If you want to delegate whole features and walk away: Loki Mode. Nothing in gstack attempts true autonomy. If your goal is spec-in, repo-out with quality gates enforcing the loop, Loki Mode is the only one of the two even trying, and the autonomy is real (if bounded by "does not deploy"). The provider-agnostic failover and cross-project memory are genuine advantages for teams that refuse vendor lock-in or run self-hosted and private.
Overall, for the typical user in mid-2026: gstack has the edge. It is more polished for its stated job, genuinely open, backed by a real browser engine and mature evals, and proven by adoption. That is a defensible call, not a popularity vote.
But the honest caveat cuts the other way too: the 110x star gap massively overstates the engineering-effort difference and understates Loki Mode's ambition. Loki Mode is a larger, more technically ambitious codebase attempting a harder problem (full autonomy) with less distribution behind it. If autonomous spec-to-product is where the field is going, Loki Mode is aimed at the bigger target, and it is further along than 956 stars implies.

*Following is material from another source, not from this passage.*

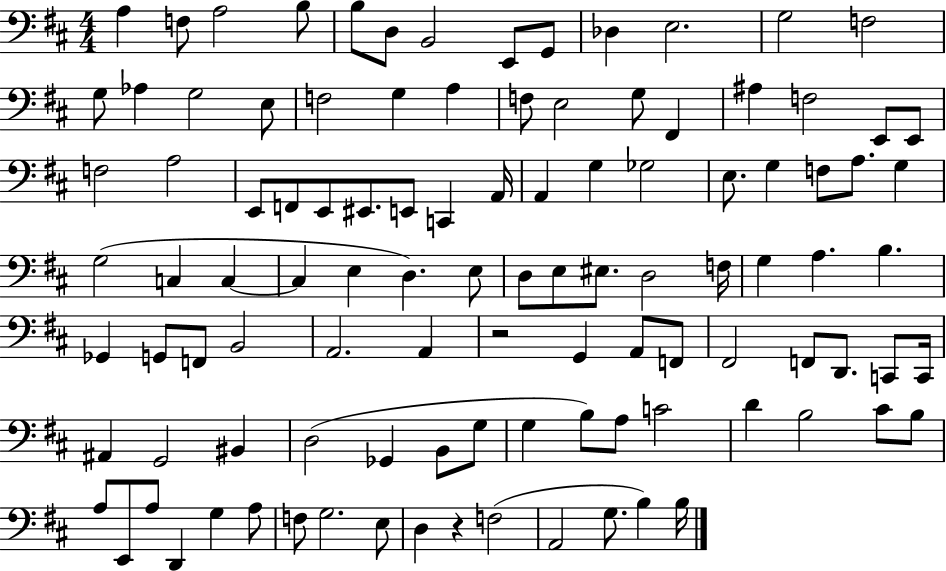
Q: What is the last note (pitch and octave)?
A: B3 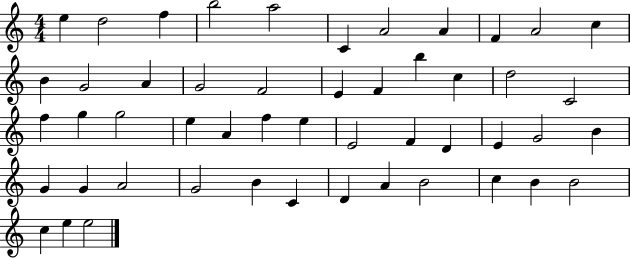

Stars told you which project got more attention. They did not tell you which one is better built, and they certainly did not tell you which one fits your work. Pick by the loop you want: a structured human, or a structured machine.
Methodology: figures drawn from live GitHub API calls and from reading source in both repositories on 2026-06-01. Test results are from suites executed locally (gstack: 329 pass in skill-validation; Loki Mode: 137 pass in the protocol suite). Both projects are effectively single-author; this comparison is written to be neutral on authorship.